Background information
- Born: Darrell DeShawn Camp August 29, 1966 (age 59)
- Origin: Perryville, Arkansas, US
- Genres: Country, bluegrass, Americana
- Occupation: Singer-songwriter
- Instruments: Vocals, guitar, fiddle
- Years active: 1991–present
- Labels: Reprise, Skeeterbit, Oh Boy
- Member of: The Earls of Leicester
- Partner: Lisa Stewart (2021-2023)
- Website: shawncamp.com

= Shawn Camp (singer) =

American singer-songwriter

Darrell DeShawn Camp (born August 29, 1966) is an American musician who performs country and Americana music. Originally signed to Reprise Records in 1993 as a recording artist, Camp charted two minor singles on the U.S. Billboard Hot Country Singles & Tracks charts that year. Since then he has found success as a songwriter, having co-written hit singles for many country music artists, including Willie Nelson, Garth Brooks, Josh Turner, Brooks & Dunn, and Blake Shelton, although he continues to record his own material as well. The 2023 Grammy Awards presented Willie Nelson's A Beautiful Time with "Country Album of The Year". The title cut, along with album cut, "We're Not Happy ('Til You're Not Happy)", were both penned by Camp.

==Biography==
Camp was raised in Perryville, Arkansas by a musical family. In 1987, he moved to Nashville and worked in the backing bands of acts including The Grand Prairie Boys, Osborne Brothers, Alan Jackson, Suzy Bogguss, and Trisha Yearwood. In 1991, he was signed to Reprise Records, with two minor Top 40 singles charting in 1993. The first of these, "Fallin' Never Felt So Good", was previously recorded by Dude Mowrey.
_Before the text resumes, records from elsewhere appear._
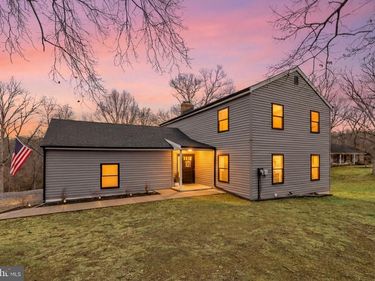 145 WEST STREET , STEPHENS CITY, VA 22655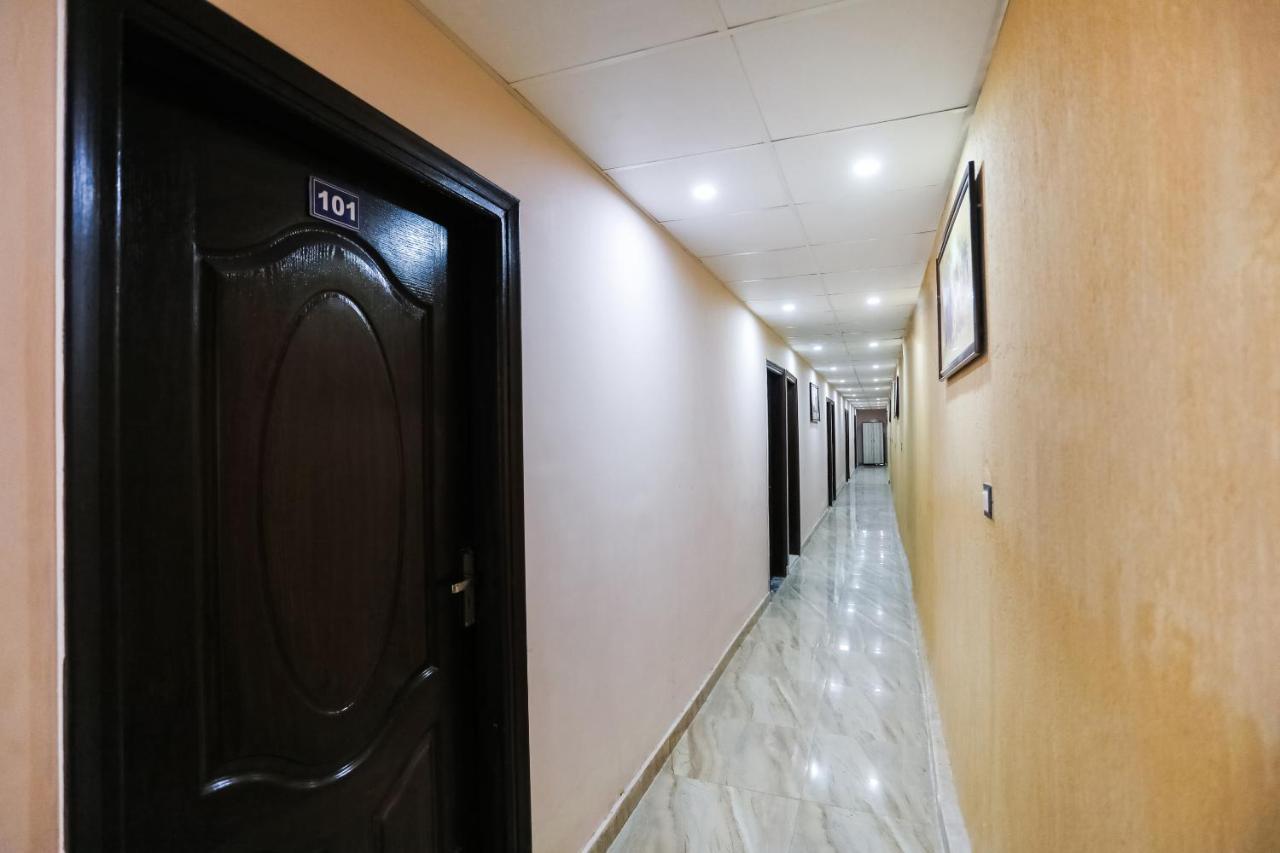 Oyo 72993 Hotel The Gold Faridábád Kültér fotó
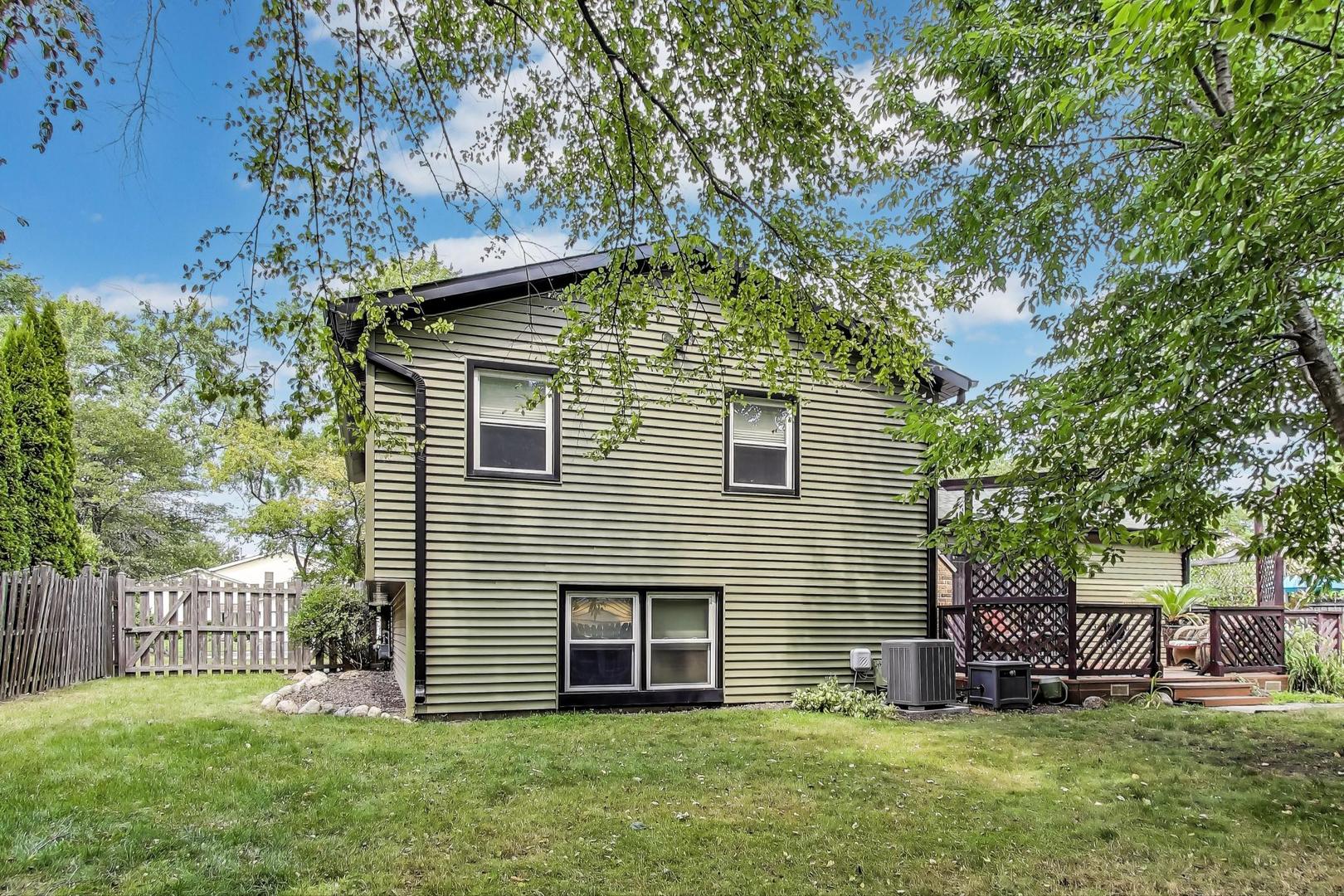 161 East Old Bridge Road Palatine, IL 60067 - Photo 45 of 50 Gallery Image 45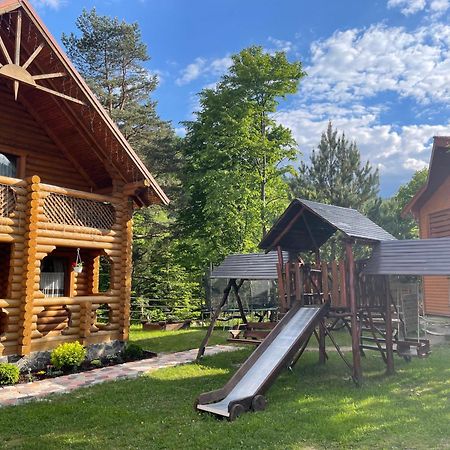 Котедж "Villa Затишна" Mykulytjyn Exteriör bild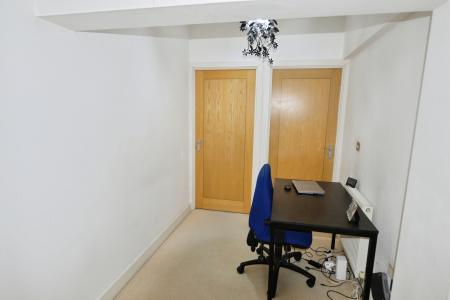 1 bedroom Flat to let in High Street, Southampton, SO14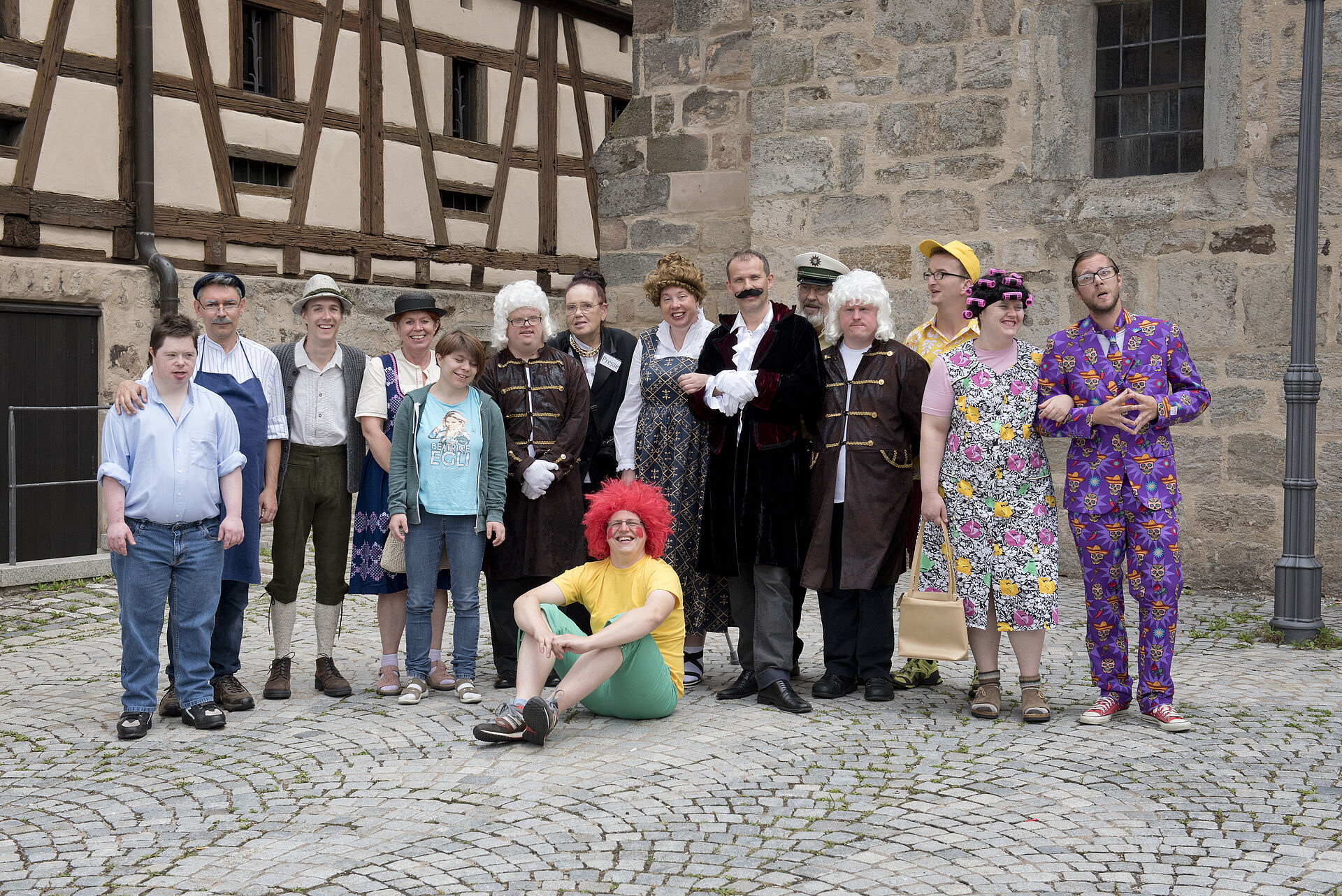 Theatergruppe Rampenlicht in den Kreuzgangspielen in Feuchtwangen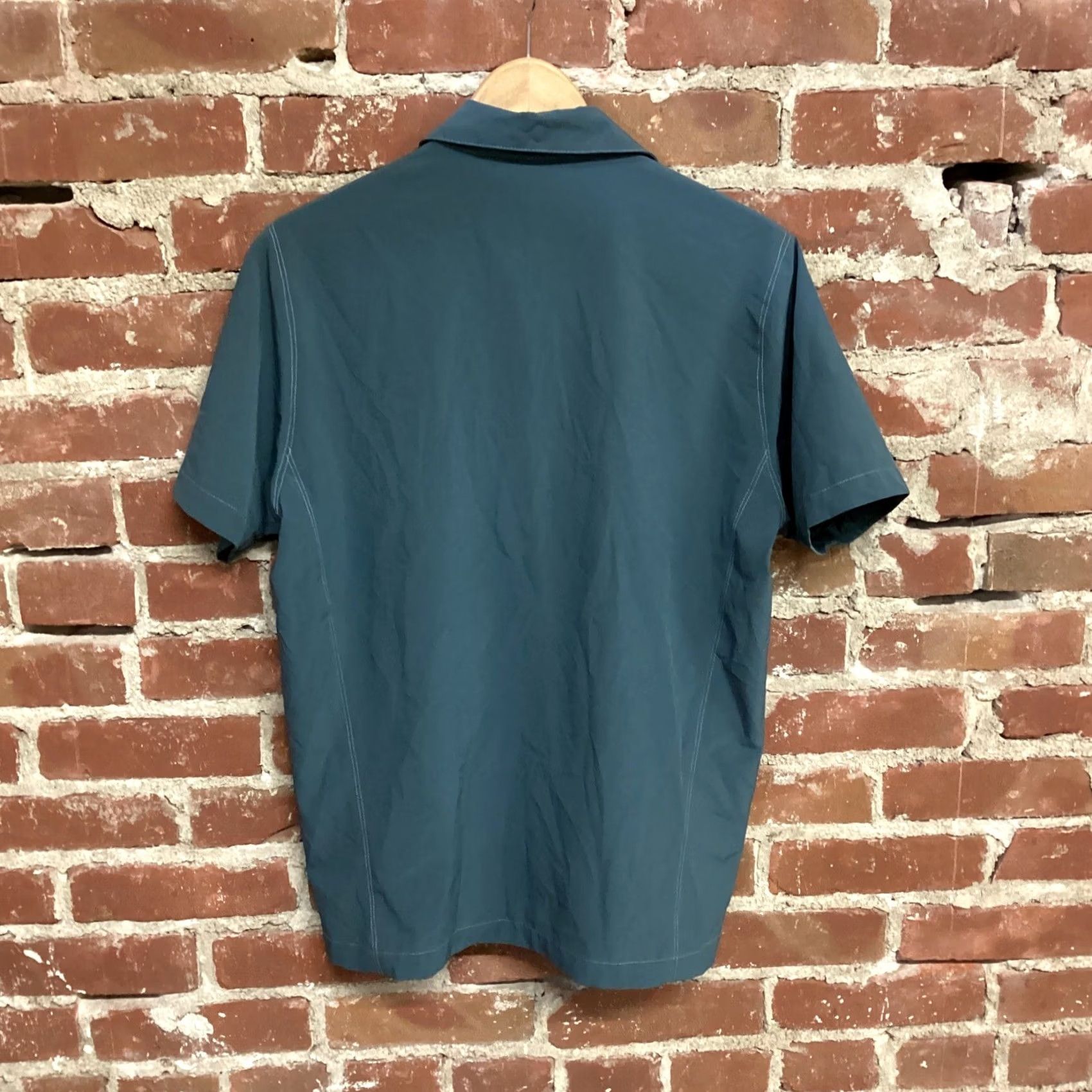 Vintage Kuhl Shirt Short Sleeve Button-Up Blue Mens Size S Slim Nylon Collared Button-Down 90s? Size US S / EU 44-46 / 1 - 2 Thumbnail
Camp recorded a second album for Reprise, but never released it due to creative differences. He then began writing for other artists. Camp's first Number One as a songwriter came in early 1998, when Garth Brooks reached the top of the Billboard country charts with "Two Piña Coladas", a song co-written by Camp. Later in the same year, Brooks & Dunn reached Number One with "How Long Gone", another Camp co-write.

Camp released Lucky Silver Dollar in 2001. In 2006, he was nominated as Songwriter of the Year by the Society for the Preservation of Bluegrass Music; also, Billboard ranked him No.10 on their 2006 list of Hot Country Songwriters. In the same year, two songs co-written by Camp entered the country charts: "Nobody But Me" by Blake Shelton, and "Would You Go with Me" by Josh Turner, which peaked at No.4 and No.1, respectively, on the Billboard U.S. Hot Country Songs charts. Camp also co-wrote Turner's 2007 single "Firecracker", George Strait's 2008 single "River of Love", and Billy Currington's 2011 single "Love Done Gone".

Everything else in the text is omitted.